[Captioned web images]
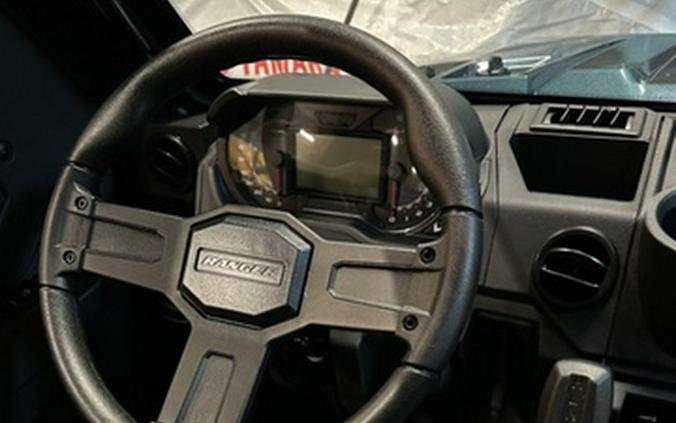 2027 Polaris Ranger Crew XP 1000 NorthStar Premium Blue Labyrinth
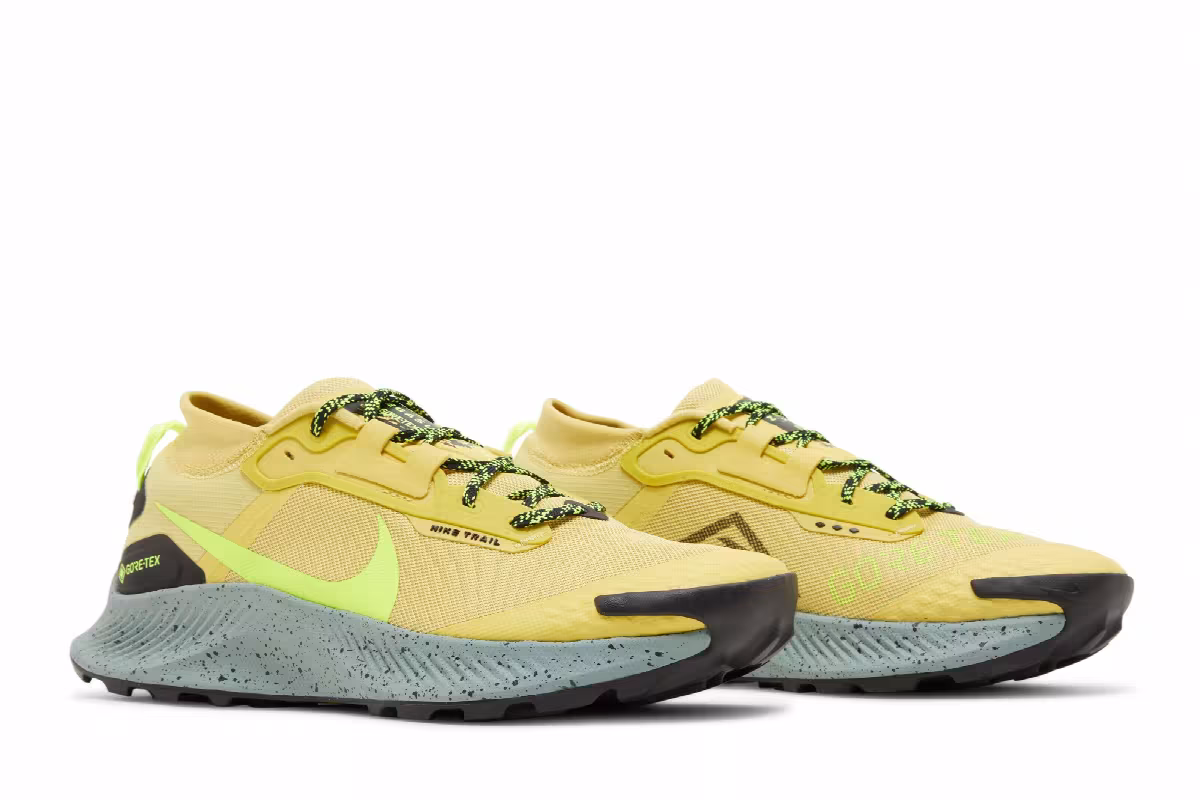 Nike Pegasus Trail 3 GORE-TEX Celery Volt, view 9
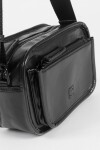 Bandolera rigid small negro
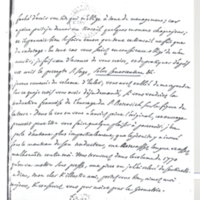Lettre de D'Alembert à Lagrange, 17 août 1771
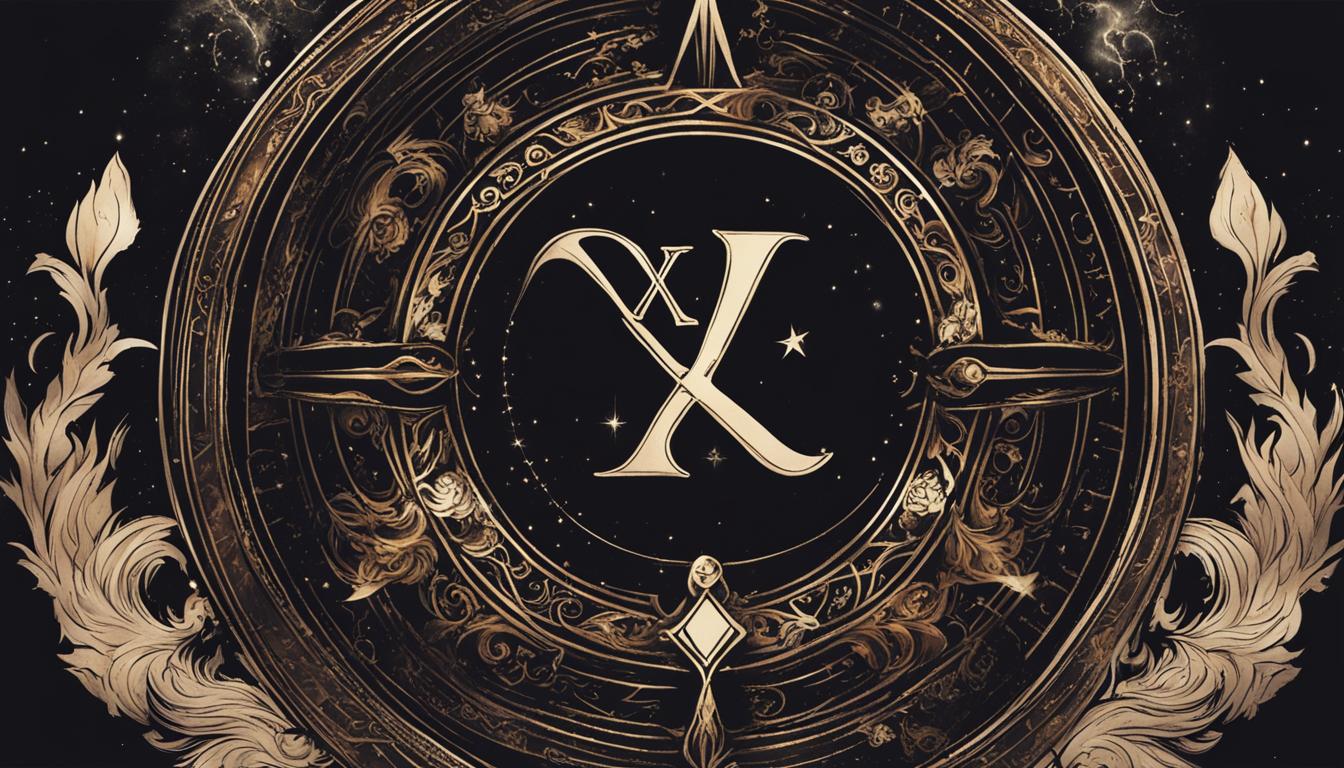 What Does X Mean In Tarot Cards?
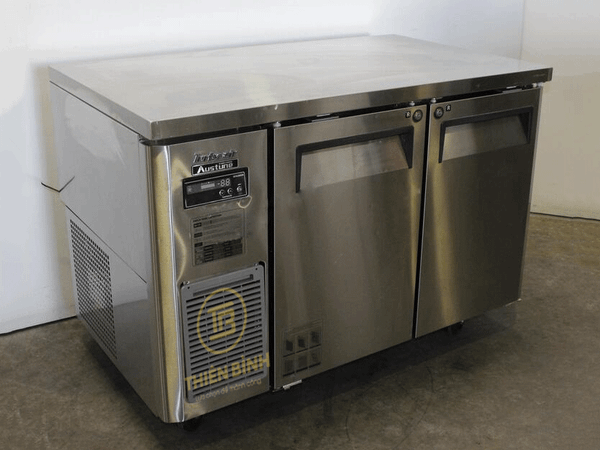 Bàn mát 2 cánh 1m2 Turbo Air KUR12-2 3 Bàn mát 2 cánh Turbo Air KUR12-2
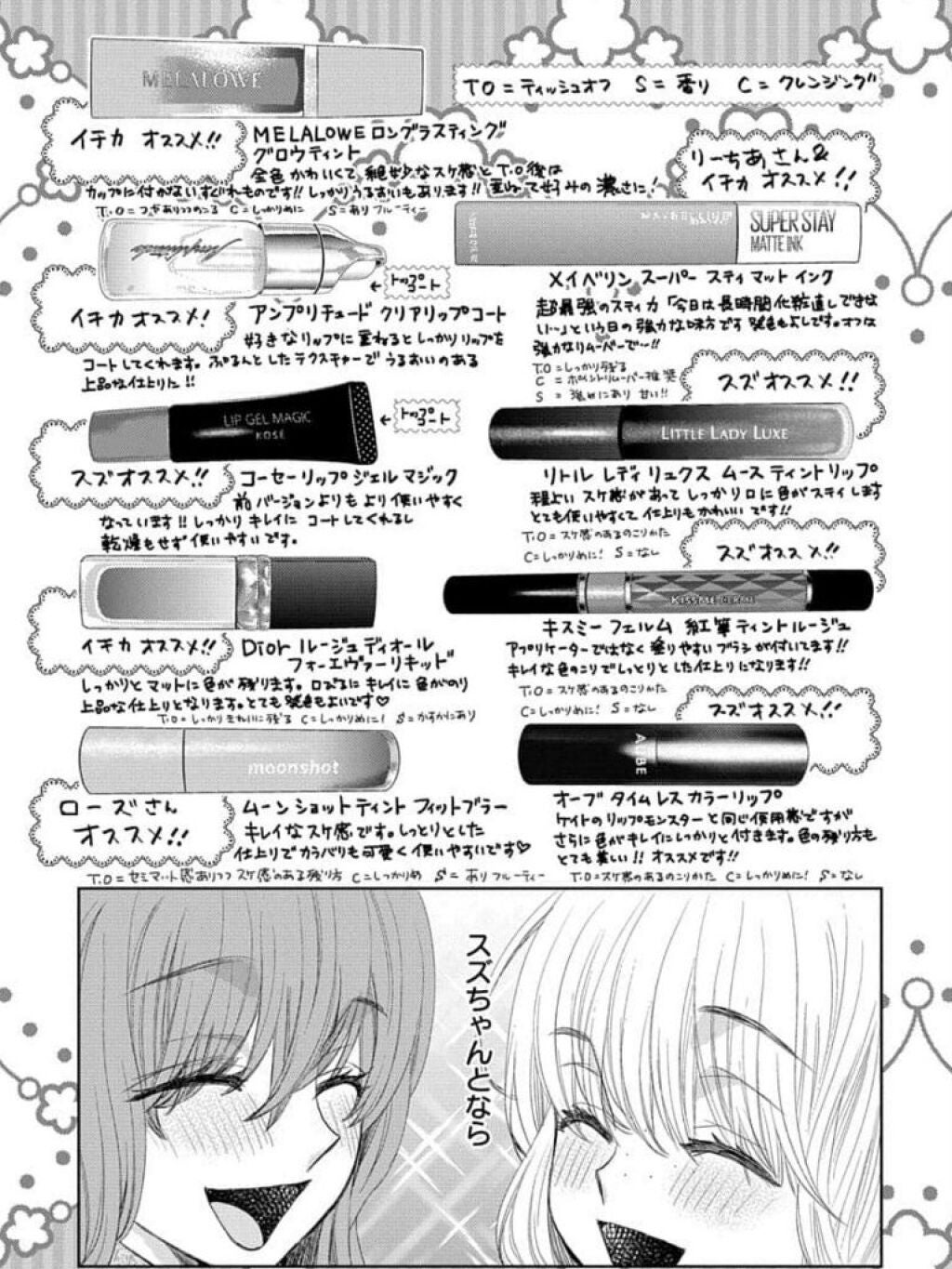 ゆ.co on LIPS 「すでに観てるよーって方も多いと思いますが。今日また読んでサイコ..」(4枚目)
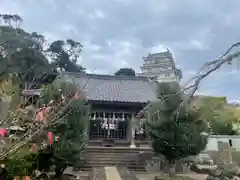 平戸護国神社(長崎県)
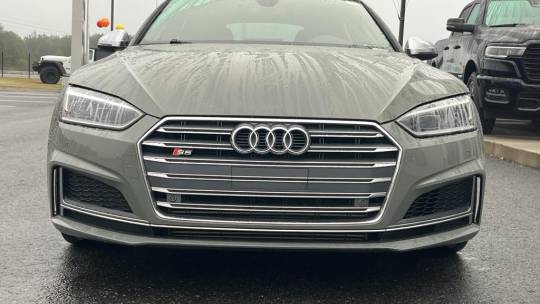 2019 Audi S5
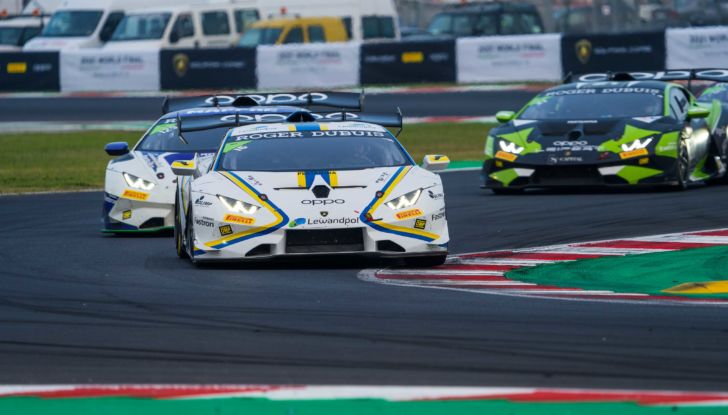 A Misano la Vincenzo Sospiri vince le Finali Mondiali Lamborghini 2021 - Foto 5 di 40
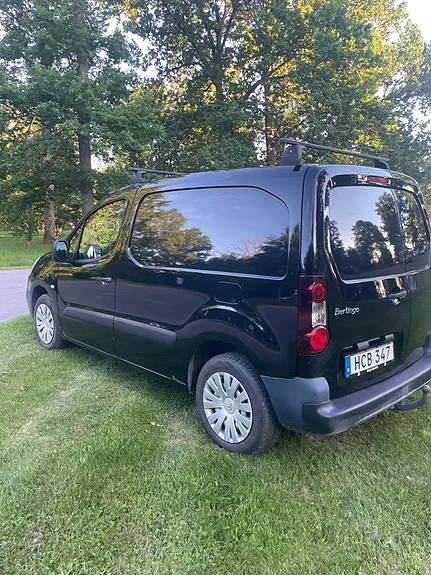 Citroen Berlingo 2015 photo 4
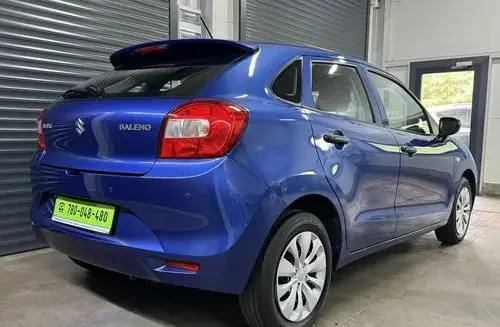 SUZUKI Baleno 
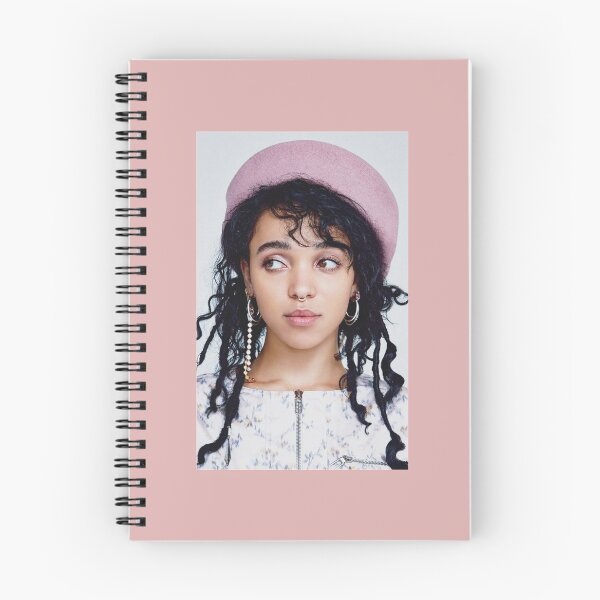 Item preview, FKA TWIGS pink hat   designed and sold by EggnieVogueS.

Exercise goal
Leaving out the pictures, restate word for word the lines above from the one containing "Citroen Berlingo 2015 photo 4" through the end of the records, both ends included.

Solution
 Citroen Berlingo 2015 photo 4
 SUZUKI Baleno 
 Item preview, FKA TWIGS pink hat   designed and sold by EggnieVogueS.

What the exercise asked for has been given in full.